Source material:
- - -
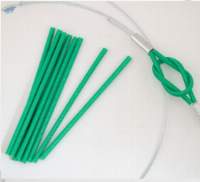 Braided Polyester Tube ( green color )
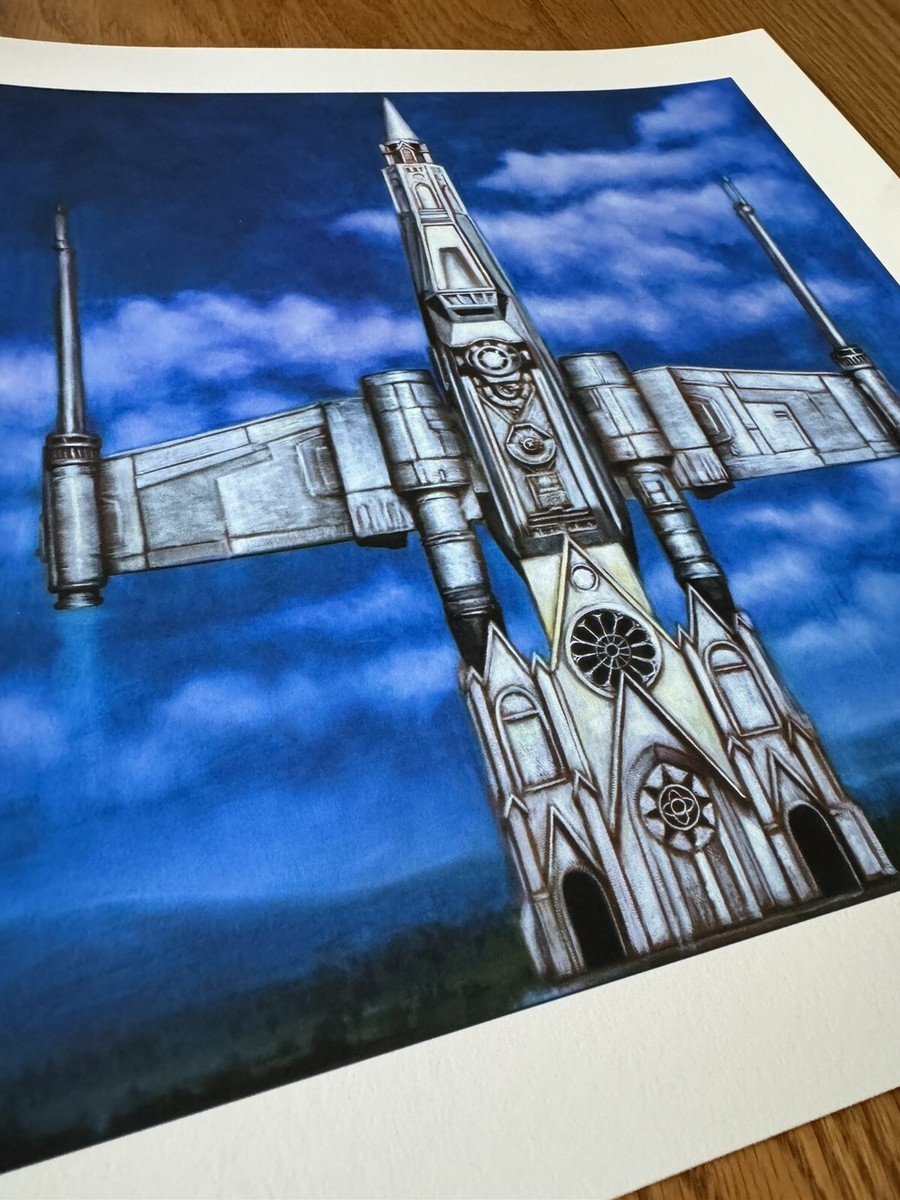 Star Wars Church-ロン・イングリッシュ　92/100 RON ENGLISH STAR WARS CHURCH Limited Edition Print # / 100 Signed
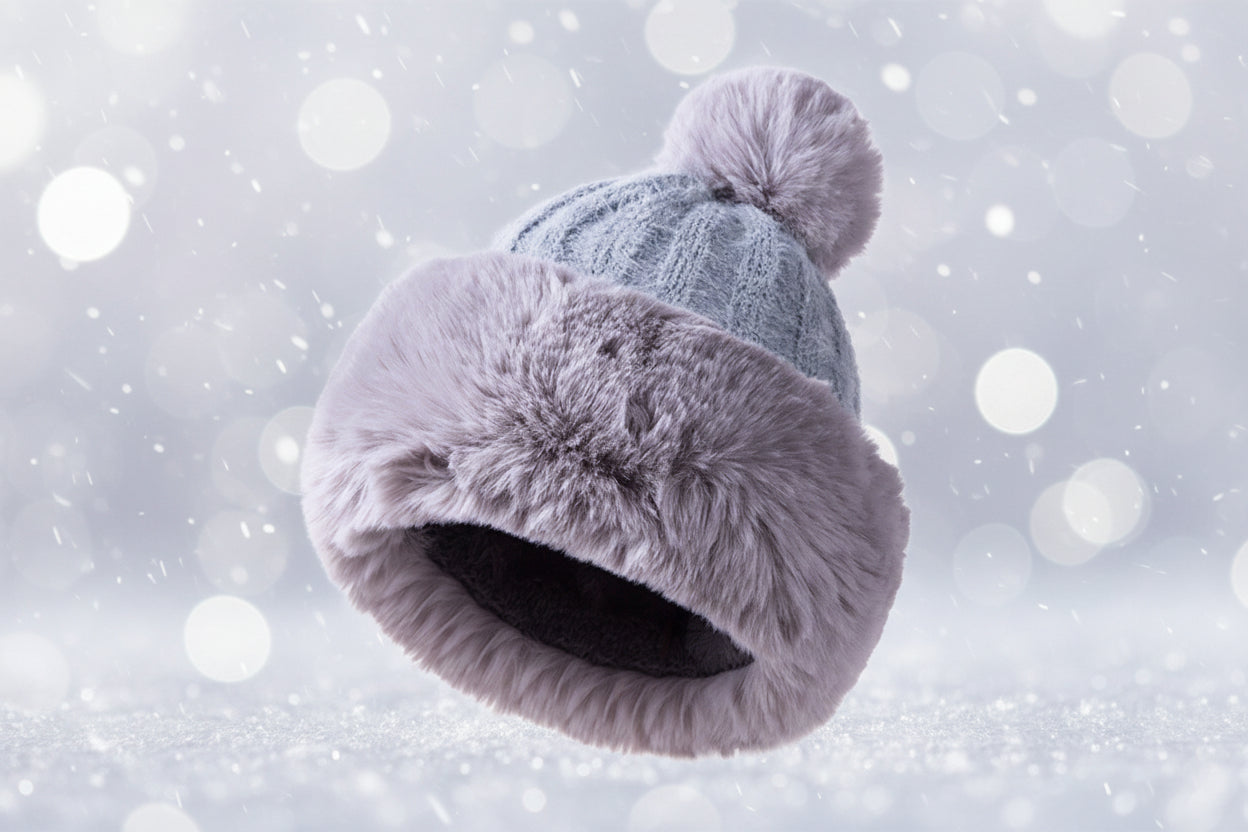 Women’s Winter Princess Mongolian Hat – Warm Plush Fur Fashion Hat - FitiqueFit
- - -
Leave out the pictures and retype every line above exactly.

Exercise result:
 Braided Polyester Tube ( green color )
 Star Wars Church-ロン・イングリッシュ　92/100 RON ENGLISH STAR WARS CHURCH Limited Edition Print # / 100 Signed
 Women’s Winter Princess Mongolian Hat – Warm Plush Fur Fashion Hat - FitiqueFit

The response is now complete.